Institute of Forest Biotechnology, Forestry College, Hebei Agricultural University, Baoding, 071000, China.
Hebei Key Laboratory for Tree Genetic Resources and Forest Protection, Baoding, 071000, China.
Sci Rep. 2022 Sep 24;12(1):15953. doi: 10.1038/s41598-022-20184-w.

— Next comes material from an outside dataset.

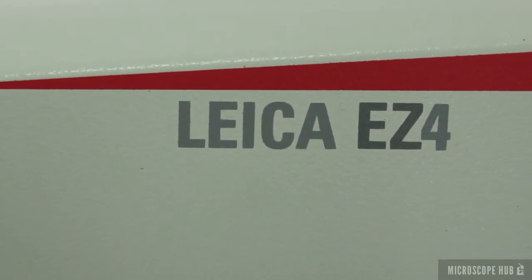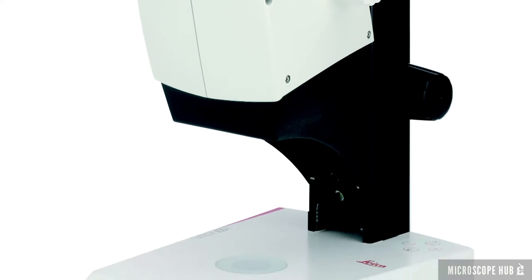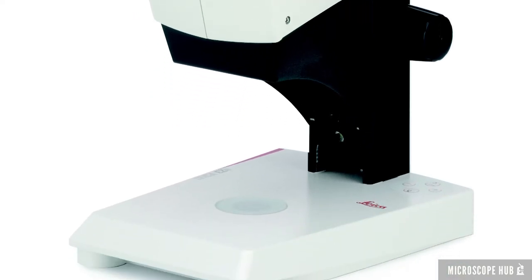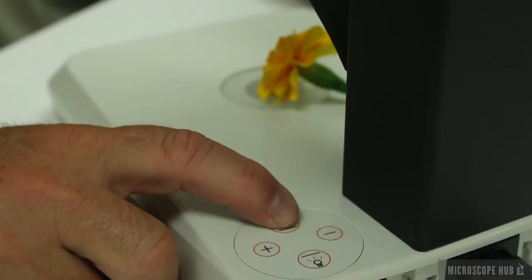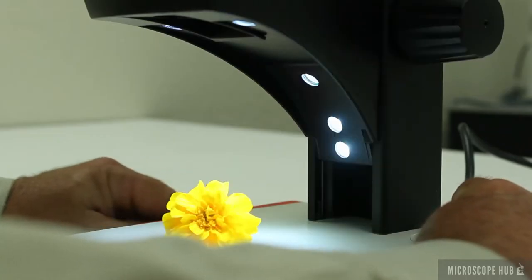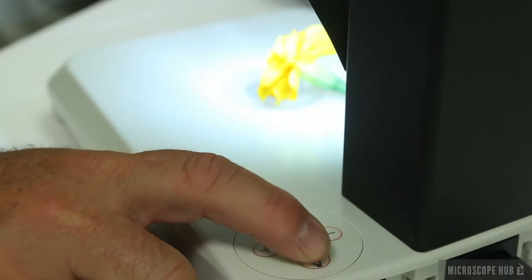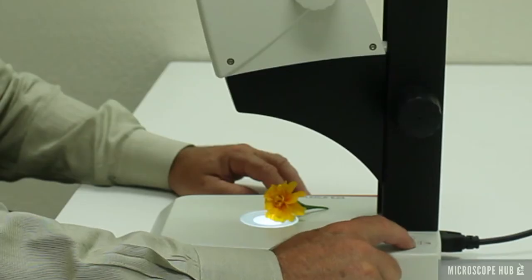The EZ4 Educational Stereo Microscope is the perfect solution for high school and college programs in biology, anatomy, and other sciences. The design features both a transmitted LED light stage and incident LED lights from multiple angles. It offers adjustment control over light direction and light intensity.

In this study, the chloroplast (cp) genomes of Hemiptelea davidii, Ulmus parvifolia, Ulmus lamellosa, Ulmus castaneifolia, and Ulmus pumila 'zhonghuajinye' were spliced, assembled and annotated using the Illumina HiSeq PE150 sequencing platform, and then compared to the cp genomes of other Ulmus and Ulmaceae species. The results indicated that the cp genomes of the five sequenced species showed a typical tetrad structure with full lengths ranging from 159,113 to 160,388 bp. The large single copy (LSC), inverted repeat (IR), and small single copy (SSC) lengths were in the range of 87,736-88,466 bp, 26,317-26,622 bp and 18,485-19,024 bp, respectively. A total of 130-131 genes were annotated, including 85-86 protein-coding genes, 37 tRNA genes and eight rRNA genes. The GC contents of the five species were similar, ranging from 35.30 to 35.62%. Besides, the GC content was different in different region and the GC content in IR region was the highest. A total of 64-133 single sequence repeat (SSR) loci were identified among all 21 Ulmaceae species. The (A) and (T) types of mononucleotide were highest in number, and the lengths were primarily distributed in 10-12 bp, with a clear AT preference. A branch-site model and a Bayes Empirical Bayes analysis indicated that the rps15 and rbcL had the positive selection sites. Besides, the analysis of mVISTA and sliding windows got a lot of hotspots such as trnH/psbA, rps16/trnQ, trnS/trnG, trnG/trnR and rpl32/trnL, which could be utilized as potential markers for the species identification and phylogeny reconstruction within Ulmus in the further studies. Moreover, the evolutionary tree of Ulmaceae species based on common protein genes, whole cp genome sequences and common genes in IR region of the 23 Ulmaceae species were constructed using the ML method. The results showed that these Ulmaceae species were divided into two branches, one that included Ulmus, Zelkova and Hemiptelea, among which Hemiptelea was the first to differentiate and one that included Celtis, Trema, Pteroceltis, Gironniera and Aphananthe. Besides, these variations found in this study could be used for the classification, identification and phylogenetic study of Ulmus species. Our study provided important genetic information to support further investigations into the phylogenetic development and adaptive evolution of Ulmus and Ulmaceae species.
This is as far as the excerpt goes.